§ Work request: Please transcribe the listing below in full and word for word, without its pictures.

§ Provided data:

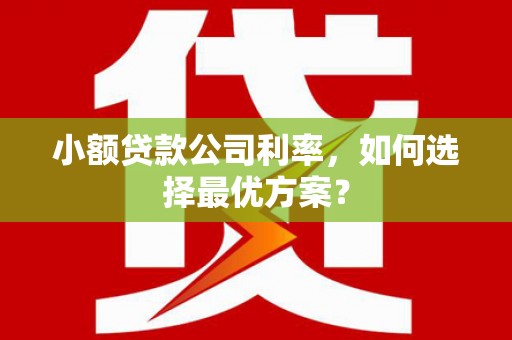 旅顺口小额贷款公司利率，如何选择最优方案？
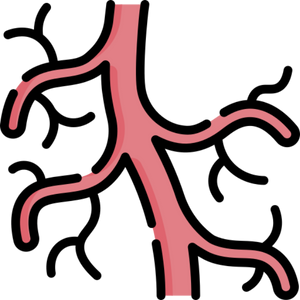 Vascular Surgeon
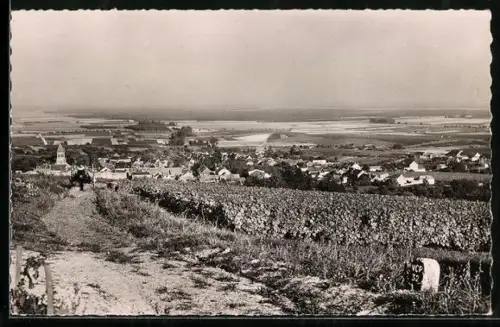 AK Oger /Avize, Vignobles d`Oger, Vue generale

§ Result of this task:
 旅顺口小额贷款公司利率，如何选择最优方案？
 Vascular Surgeon
 AK Oger /Avize, Vignobles d`Oger, Vue generale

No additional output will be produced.